Prompt =
Below are the records; repeat exactly their lines between the line holding "Langarm geruiten overhemd" and the line holding "広々としたリビングでキッチンともコミュニケーションをとれる家族団らんの部屋です", inclusive, skipping the pictures.

Records for this exercise =
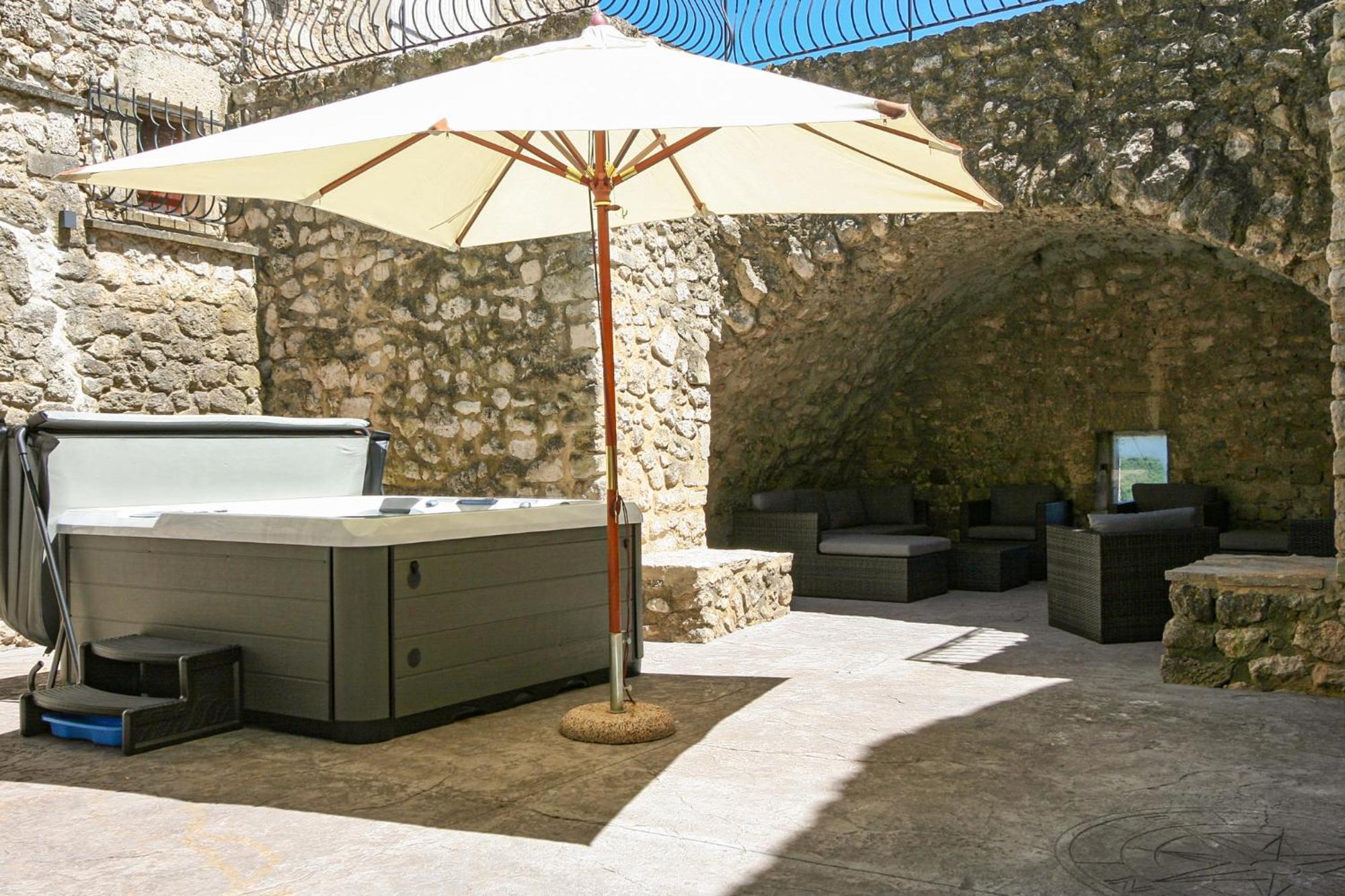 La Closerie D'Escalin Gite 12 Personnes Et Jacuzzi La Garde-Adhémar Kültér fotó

...

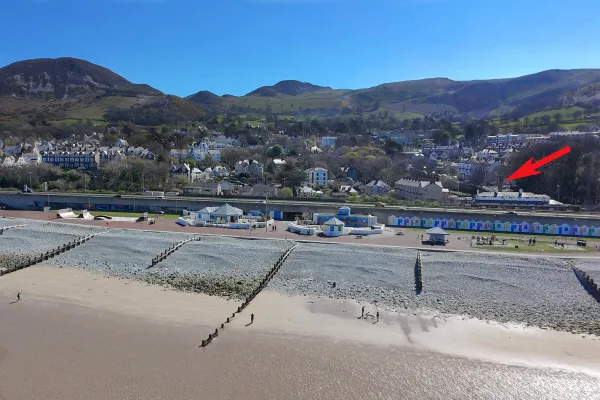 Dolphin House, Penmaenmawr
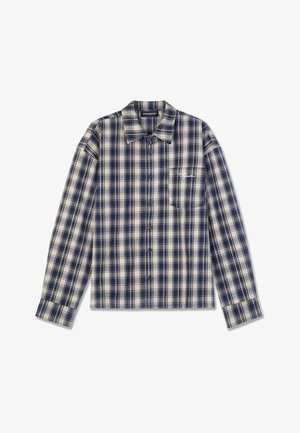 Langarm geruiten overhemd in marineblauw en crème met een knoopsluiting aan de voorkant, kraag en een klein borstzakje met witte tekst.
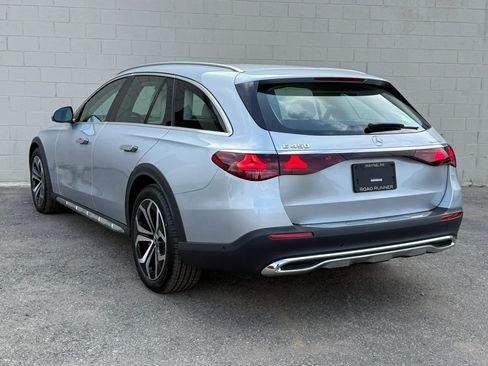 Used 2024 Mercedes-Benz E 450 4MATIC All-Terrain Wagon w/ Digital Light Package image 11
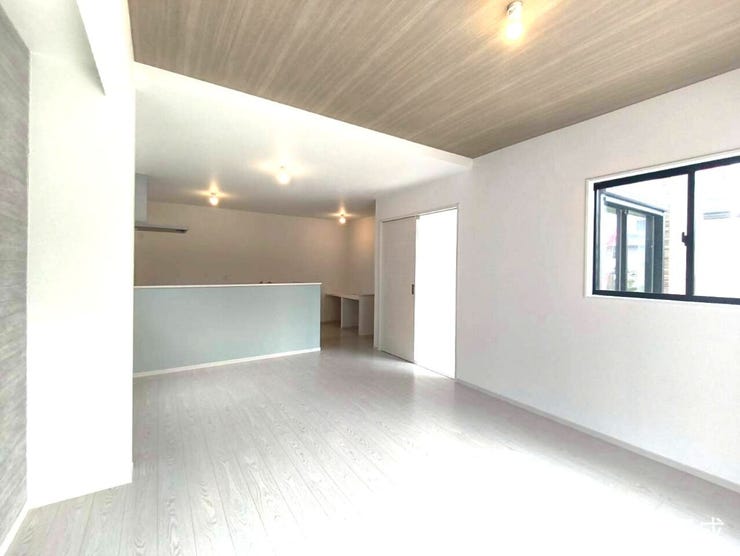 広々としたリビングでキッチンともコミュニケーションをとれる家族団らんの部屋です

Exercise response =
 Langarm geruiten overhemd in marineblauw en crème met een knoopsluiting aan de voorkant, kraag en een klein borstzakje met witte tekst.
 Used 2024 Mercedes-Benz E 450 4MATIC All-Terrain Wagon w/ Digital Light Package image 11
 広々としたリビングでキッチンともコミュニケーションをとれる家族団らんの部屋です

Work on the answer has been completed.